▶ TASK BRIEF
Output only the lines from the line holding "铜合金仿珍珠胸针 【美美专享】高档轻奢气质大气胸针配饰-XZ141" through the close of the records, exactly as they appear, with all pictures omitted.

▶ DATA PROVIDED
■ ■ ■ ■ ■ ■ ■

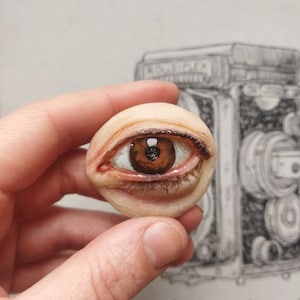 Custom Eye Brooch or Necklace: Handmade Gothic Oddity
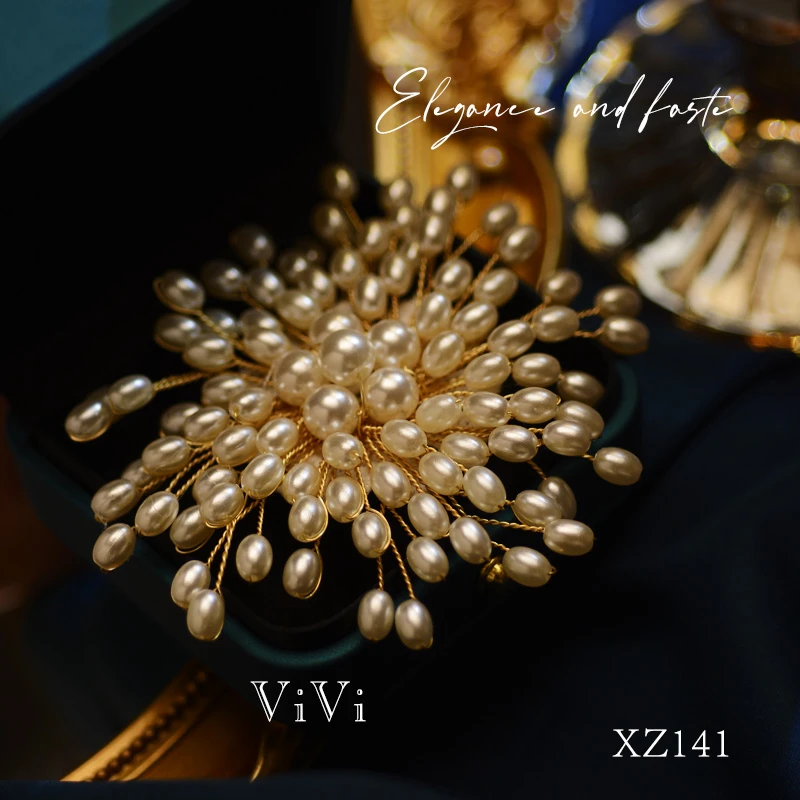 铜合金仿珍珠胸针 【美美专享】高档轻奢气质大气胸针配饰-XZ141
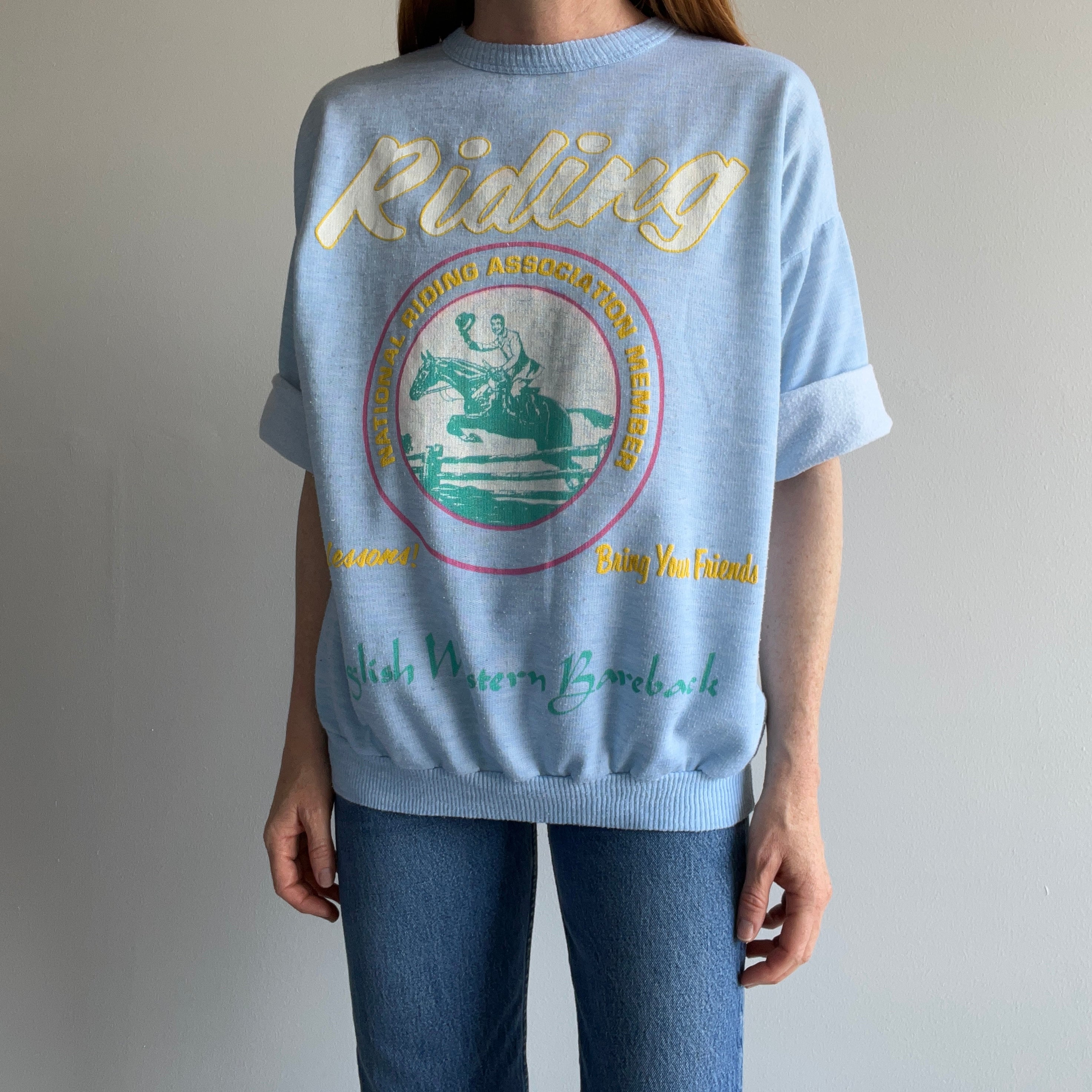 1980s Incredible Horsey Person English Riding Sweatshirt with Stains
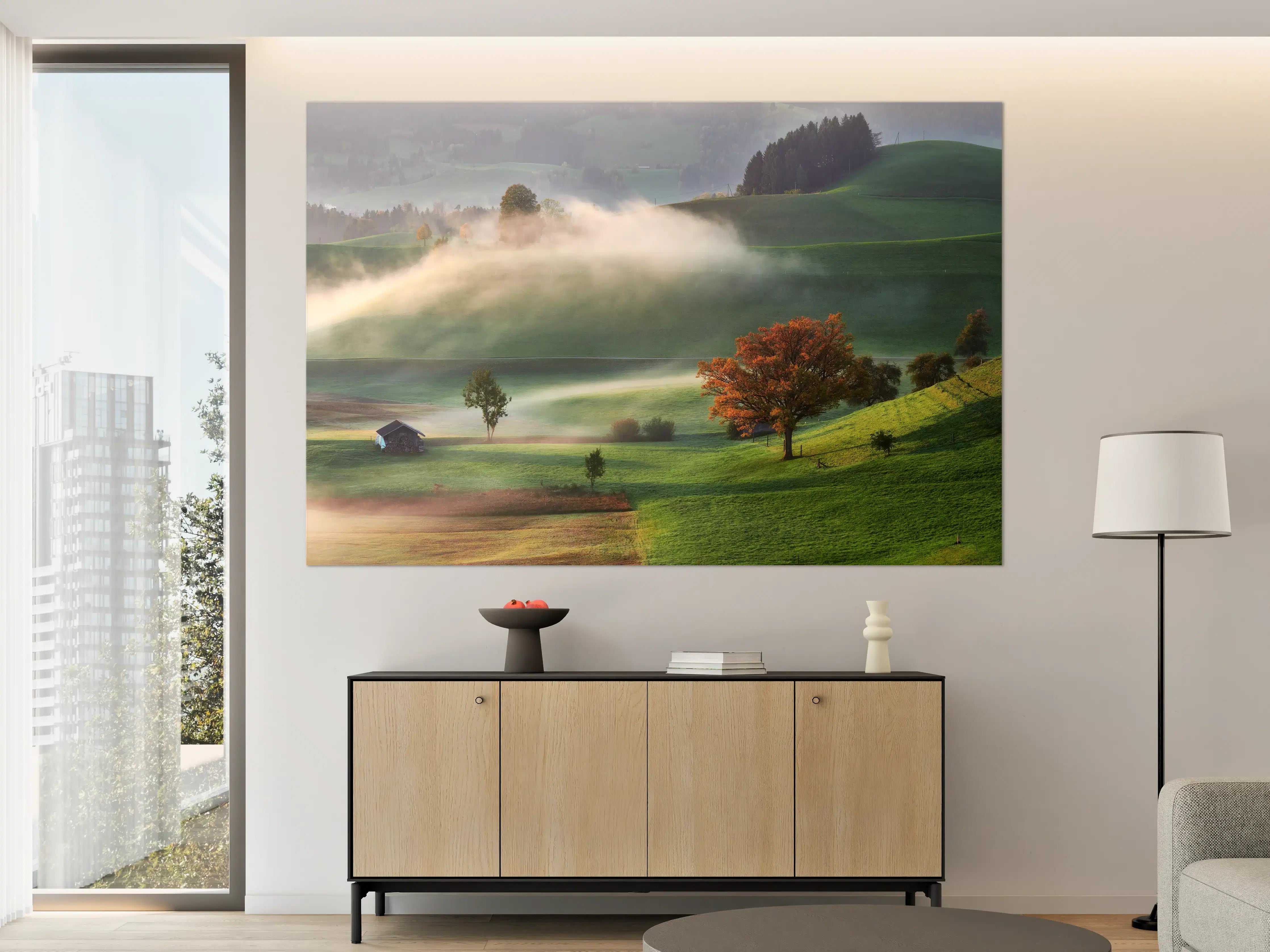 Große Wandbilder - Landschaft mit buntem Baum und Morgennebel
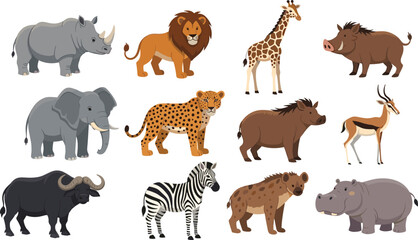Wild Big Cat Vector Collection Featuring Lion, Tiger, Leopard, Cheetah, and Black Panther in Sitting and Standing Poses © Mostrenu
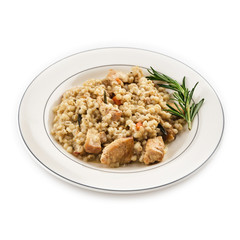 Barley porridge with meat on white plate.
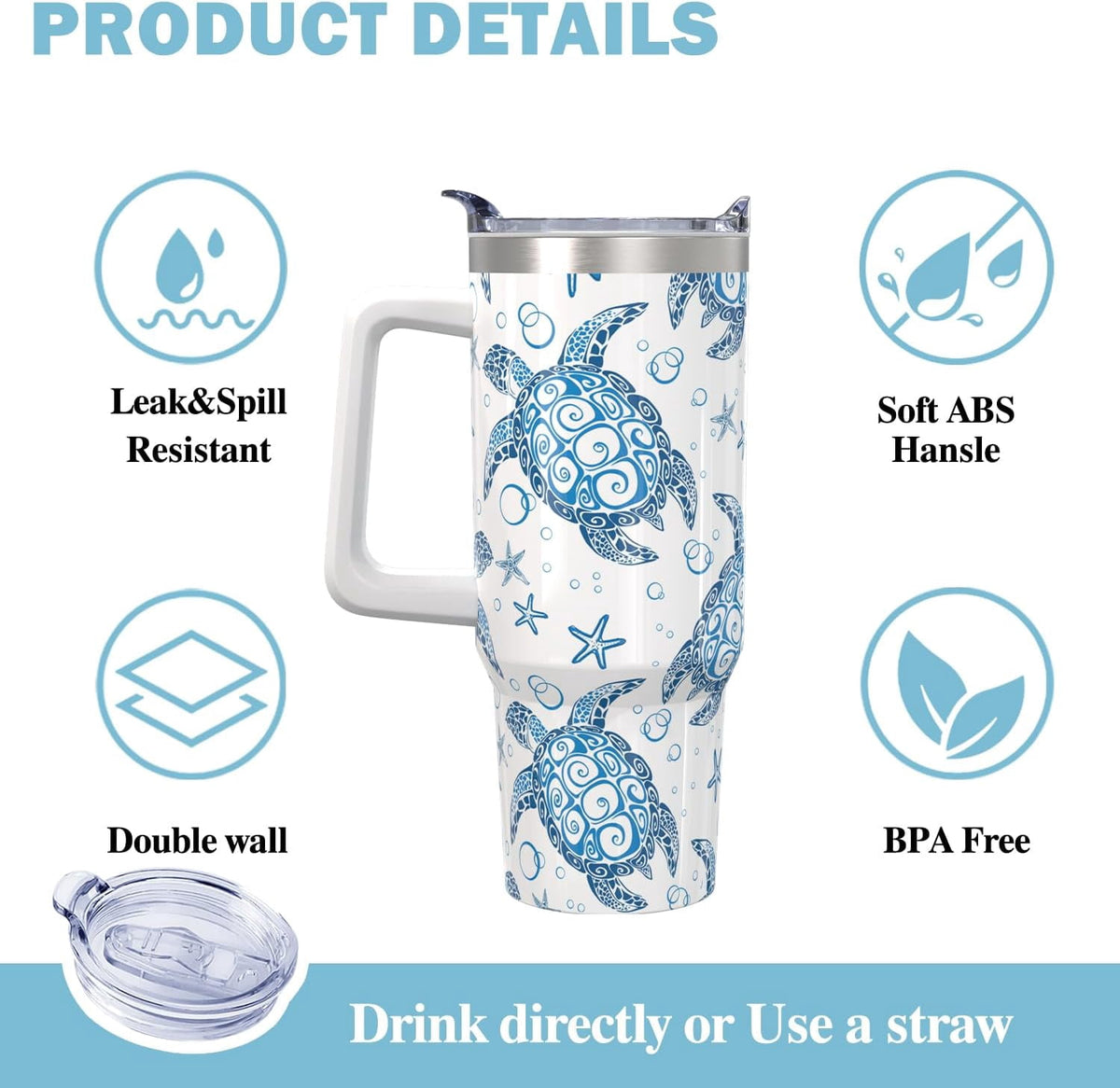 Lunabuddy™ 30oz Stainless Steel Sea Turtle Tumbler with Lid and Straw - Ocean Insulated Turtle Cup for Women''s Gifts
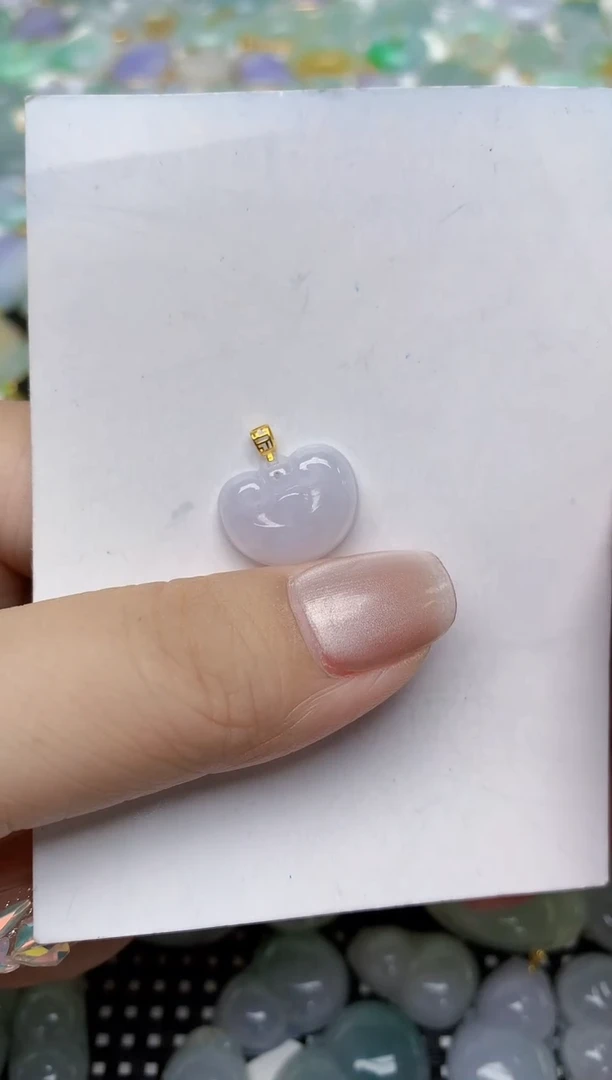 翡翠18K金镶嵌颈饰天然缅甸A货翡翠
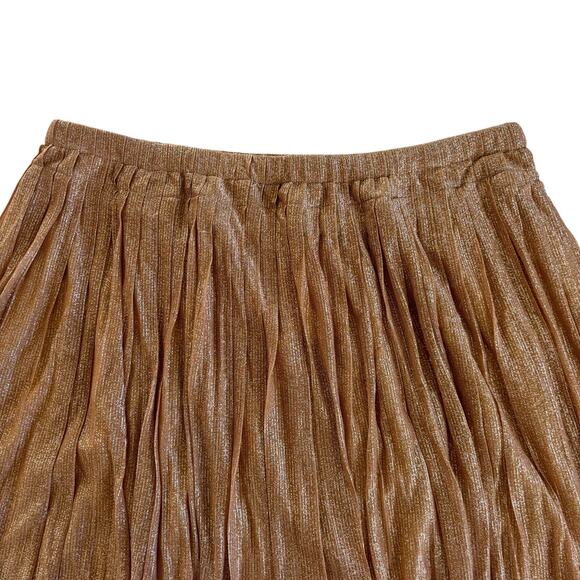 Pinko Blush Pink Metallic Shimmer Pleated Mini Skirt Women’s Size 8 - Picture 2 of 6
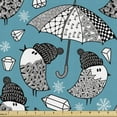 thumbnail image 1 of Hipster Upholstery Fabric by the Yard, Abstract Ornamental Style Birds Pattern Umbrellas Diamonds and Snowflakes Images, Decorative Fabric for DIY and Home Accents, Multicolor by Ambesonne, 1 of 5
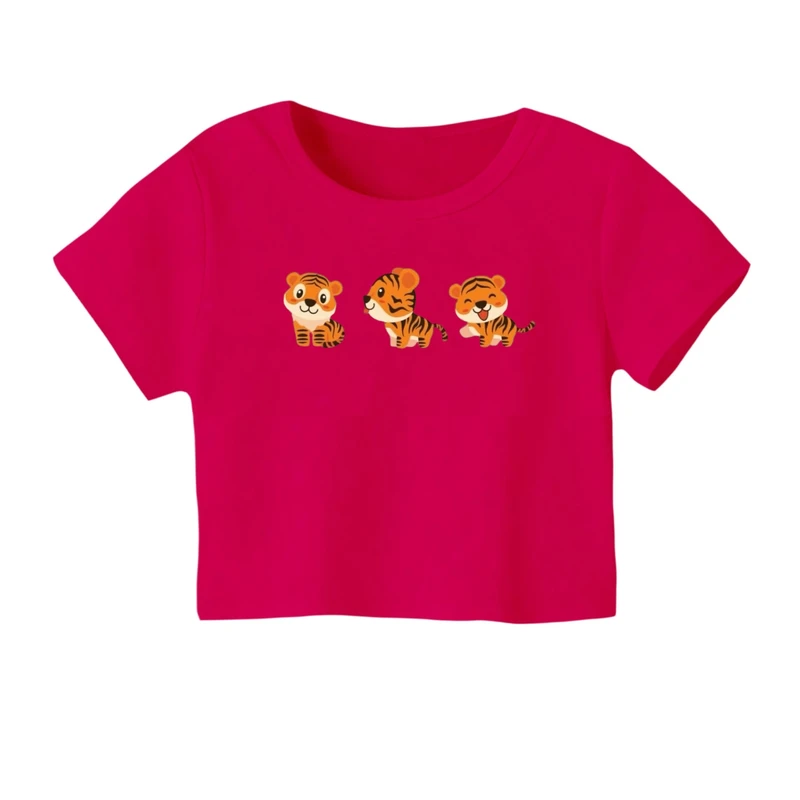 کراپ‌ تی‌شرت آستین کوتاه زنانه مدل ببر کد ۲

■ ■ ■ ■ ■ ■ ■

▶ RESULT OF THE TASK
 铜合金仿珍珠胸针 【美美专享】高档轻奢气质大气胸针配饰-XZ141
 1980s Incredible Horsey Person English Riding Sweatshirt with Stains
 Große Wandbilder - Landschaft mit buntem Baum und Morgennebel
Wild Big Cat Vector Collection Featuring Lion, Tiger, Leopard, Cheetah, and Black Panther in Sitting and Standing Poses © Mostrenu
 Barley porridge with meat on white plate.
 Lunabuddy™ 30oz Stainless Steel Sea Turtle Tumbler with Lid and Straw - Ocean Insulated Turtle Cup for Women''s Gifts
 翡翠18K金镶嵌颈饰天然缅甸A货翡翠
 Pinko Blush Pink Metallic Shimmer Pleated Mini Skirt Women’s Size 8 - Picture 2 of 6
 thumbnail image 1 of Hipster Upholstery Fabric by the Yard, Abstract Ornamental Style Birds Pattern Umbrellas Diamonds and Snowflakes Images, Decorative Fabric for DIY and Home Accents, Multicolor by Ambesonne, 1 of 5
 کراپ‌ تی‌شرت آستین کوتاه زنانه مدل ببر کد ۲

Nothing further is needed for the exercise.